Opening the flying was a real treat, the Battle of Britain Memorial Flight's latest addition to the fleet, Supermarine Spitfire XVI TE311 flown by OC BBMF Sqn Ldr Dunc Mason. Dunc performed a few curving flypasts over Old Warden on his way back home to the BBMF's base at RAF Coningsby showing the aircraft off very well around the curved crowdline. Following the Spitfire, the Collection's Piper Cub performed a banner tow welcoming visitors to the Shuttleworth Collection for the day.
The flying display proper got underway with two stunning examples of Hawker Biplanes; the Shuttleworth Collection's Hawker Hind and the Old Warden based Hawker Demon. Against the dramatic grey clouds and illuminated by the bright sunset, the two silver biplanes looked stunning. More silver doped biplanes came from what was dubbed the 'CFS Pair' of Avro Tutor and De Havilland DH82a Tiger Moth. Both of the aircraft wear colours of Central Flying School Aerobatic teams of the 1930's.
In contrast was the camouflaged Polikarpov Po-2 flown by Chris Heames. The Po-2 is an imposing aircraft, but is also regarded as one of the nicest aircraft to fly in the Collection despite the very agricultural sounding engine note!
The military theme continued into the next 'tableau' of flying which centred on the conflict in the Western Desert. Peter Holloway's Fiesler Storch took full advantage of the winds performing not only a very short take-off but also some very slow flying and tight turns. It was soon joined in the air by the Gloster Gladiator which did its best to attack the Storch! Closing this section of flying was the first display by the Westland Lysander.

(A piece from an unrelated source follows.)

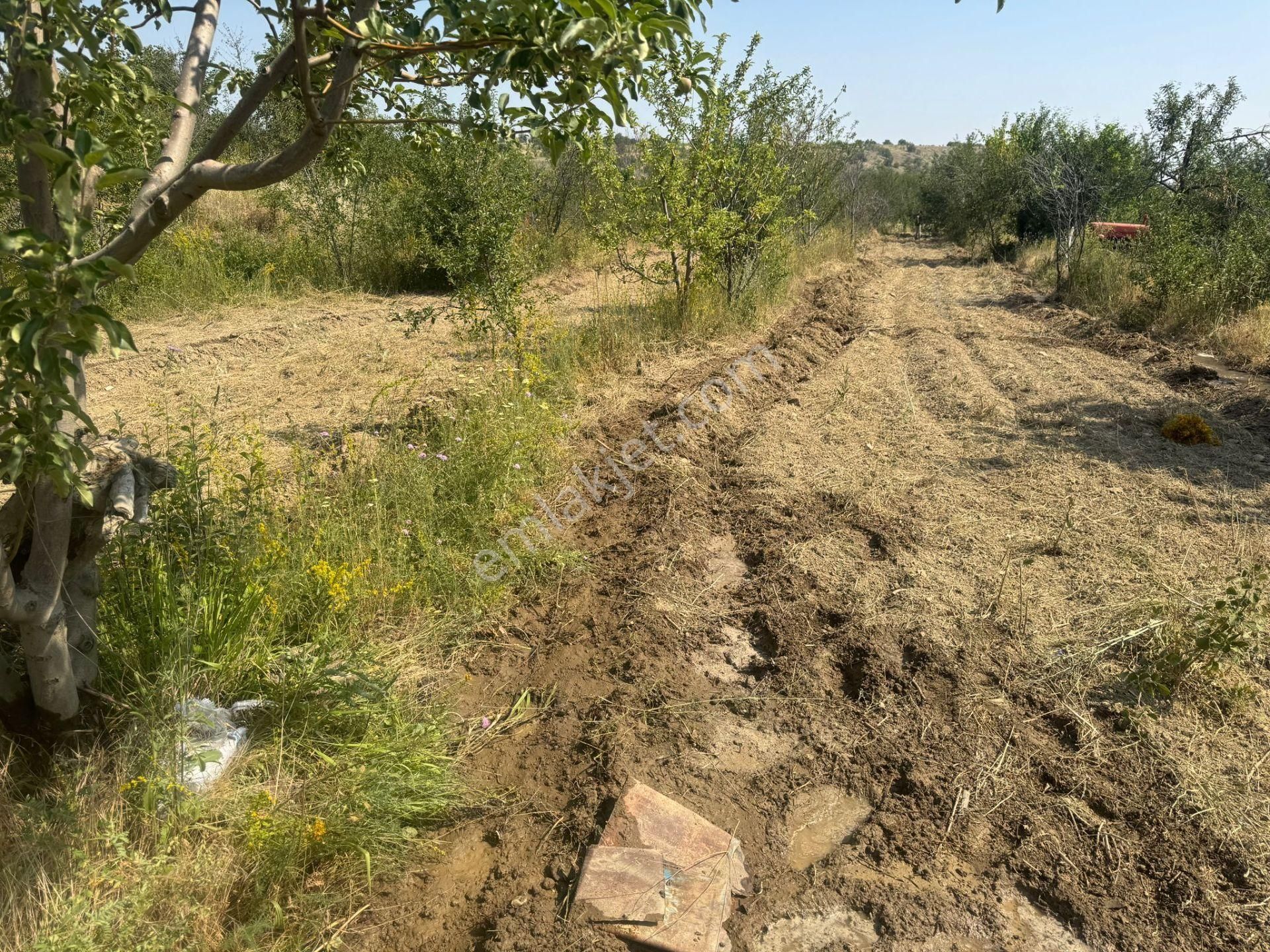 Engilli 1300 Mt Satılık Yatırımlık - Görsel 17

The penultimate section of flying went further back in time with the first public displays for 2013 of the collection's First World War aircraft. First to get into the air was the Sopwith Triplane with its Le Clerget rotary engine in full chat. Sadly, the Sopwith Pup was able to join it. By now, though the light had dropped, there was quite an atmospheric sky forming the backdrop to this 'dusk patrol!' Following the Sopwith came the two inline aero-engine powered First World War fighters, first the Bristol F2b Fighter and then the R.A.F SE5a closed this section of flying.

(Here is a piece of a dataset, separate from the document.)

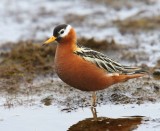 Rosse Franjepoot - Red Phalarope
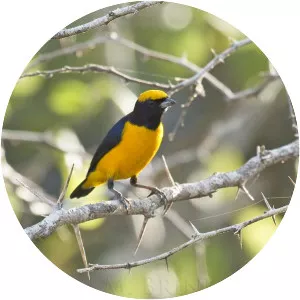 Trinidad euphonia - Bird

Sadly the winds were just too gusty for the Edwardians so it was left to the Westland Lysander to close the display. The aircraft had been involved in some filming throughout the day with some re-enactments of Special Operations landings being performed by actors before the display. Seeing the Lysander flying in the near twilight is a very poignant reminders of this important role the aircraft performed landing in fields in France to off-load or recover agents in support of the resistance. With its landing lights blazing on its wheels spats it made for a dramatic sight as it charged around the airfield to close another magical display at Old Warden.